2 In My Father’s house are many mansions; if it were not so, I would have told you. I go to prepare a place for you. John 14:2 (NKJV)
23 Jesus answered and said to him, “If anyone loves Me, he will keep My word; and My Father will love him, and We will come to him and make Our home with him.” John 14:23 (NKJV)
These verses are part of a longer teaching by Jesus and what is lost is that in verse 2 the word ‘mansions’ and the word ‘home’ in verse 23 are the same word in Greek. These are the only two occurrences of the word in the New Testament and the meaning of the word is place, dwelling, stay or abide (the first version of the NKJV had ‘dwelling places’ in it, as the NASB does now) Jesus wasn’t telling the apostles that by going to the cross He was going to go to heaven and take up home building. His sacrifice, death and resurrection were creating a dwelling place for them in heaven in Him and if the apostles (and by extension us) kept His word He would abide in them.
So in Jesus use of the vine metaphor we see that a grape branch produces fruit by dwelling or abiding, by being connected to and drawing life from the vine, the source. As we learn to abide, to live in Jesus (us in Christ) we draw on Him and His life flows through us (Christ in us) and fruit is produced. We abide in Him by learning to be at rest in Him and His word and the fruit flows forth brings glory to our Father.

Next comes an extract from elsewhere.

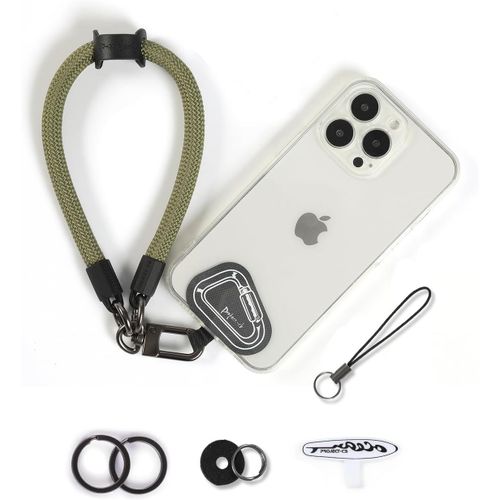 KAL-Dragonne Pour Téléphone,2 Téléphone Cordon Patch,Dragonne Pour Clé, Airpods, Appareil Photo,Cordelette De Poignet(Vert, 40Cm)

Another important part Jesus addresses is pruning. Yes, it involves cutting. Have you ever looked at a branch on a tree or vine that has a lot of leaves but no fruit? It may look good but not only is it of no real value to the gardener, it is in fact drawing life from the vine that is being consumed on itself but producing nothing. These branches are useless and need to be removed so that the life that is going into them can be redirected to fruitful branches.
The other thing Jesus addressed in verse 2 was the ‘taking away’ of branches that have no fruit. This may seem to refer to pruning but Jesus clearly addressed pruning later. The alternate rendering in my bible is ‘lift up.’ This seems to better capture what Jesus is communicating. If you look at vineyards you see the vines are all staked so that the branches are raised up off the ground to fruit. Jesus seems to be saying is that if a branch is laying in the dirt (think carnality or sin) it is unfruitful and needs to be raised up from the dirt to produce fruit. If we are seeking to abide in Him but see no fruit in our lives it may be that we need to come to Him in repentance so that we are lifted up from the dirt and fruit is produced through our life in Him.
My prayer is that we as branches will be woven into a beautiful living tapestry that produces much fruit while shining in the Son!